In the end I sat in the wheelchair space on the floor for over an hour and a half, I spent this time having poor Gus being stepped on even after I had warned people that he was there, I was also stepped on, people tried to block us both into the space with bags and even tried to wheel them on top of us.

I remain utterly disgusted by this, I was basically a piece of luggage, one particular old fart of a commuter stepped on Gus  after I had already warned her that he was there, I pointed this out to her and then she patted me on the head and apologised, I was fuming!

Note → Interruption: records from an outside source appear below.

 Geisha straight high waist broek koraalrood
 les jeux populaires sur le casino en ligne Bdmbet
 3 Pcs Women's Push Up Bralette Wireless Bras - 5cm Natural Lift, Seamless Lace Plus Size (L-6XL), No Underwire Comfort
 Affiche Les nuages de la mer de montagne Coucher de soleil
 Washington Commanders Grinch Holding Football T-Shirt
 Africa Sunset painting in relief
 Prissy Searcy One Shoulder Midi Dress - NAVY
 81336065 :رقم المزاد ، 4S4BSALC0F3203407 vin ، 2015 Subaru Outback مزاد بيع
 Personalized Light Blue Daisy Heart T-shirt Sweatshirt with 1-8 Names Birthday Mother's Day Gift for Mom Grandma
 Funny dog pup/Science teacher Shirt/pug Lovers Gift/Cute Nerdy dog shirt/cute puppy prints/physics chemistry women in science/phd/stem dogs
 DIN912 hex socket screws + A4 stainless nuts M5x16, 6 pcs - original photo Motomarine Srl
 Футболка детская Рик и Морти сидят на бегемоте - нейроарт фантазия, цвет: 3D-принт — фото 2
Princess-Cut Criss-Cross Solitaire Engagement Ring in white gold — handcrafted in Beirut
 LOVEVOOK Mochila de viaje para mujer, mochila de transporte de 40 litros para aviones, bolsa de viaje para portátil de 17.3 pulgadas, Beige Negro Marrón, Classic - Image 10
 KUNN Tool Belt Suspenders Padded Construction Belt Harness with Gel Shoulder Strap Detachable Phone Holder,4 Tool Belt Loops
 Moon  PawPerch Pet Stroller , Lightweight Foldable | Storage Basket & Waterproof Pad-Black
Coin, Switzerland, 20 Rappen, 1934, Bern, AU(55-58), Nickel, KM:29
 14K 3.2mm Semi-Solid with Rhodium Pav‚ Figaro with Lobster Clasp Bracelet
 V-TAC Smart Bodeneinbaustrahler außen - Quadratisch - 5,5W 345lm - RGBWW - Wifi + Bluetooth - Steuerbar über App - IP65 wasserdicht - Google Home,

Then the guard came through the train and I asked him a question he turned around and answered talking to my support worker instead of to me, referring to me as she and stating that they have special assistance “for people like her”.

I snapped I told him to talk to me not about me I was on the verge of rude but I had had enough by that point.

I have never had a train journey that bad, I am honestly appalled by it I have heard horror stories from other disabled people that have had horrific train journeys, but I have always felt positive about travel by train and enjoyed it as a largely stress free experiences, but now the tables have turned, my journey was utterly horrific thanks to the train company for not training its staff as to how to talk to disabled people, not making there trains accessible and the other passengers being horrible old farts who only cared about themselves with no consideration for others – I hate people that are so selfish!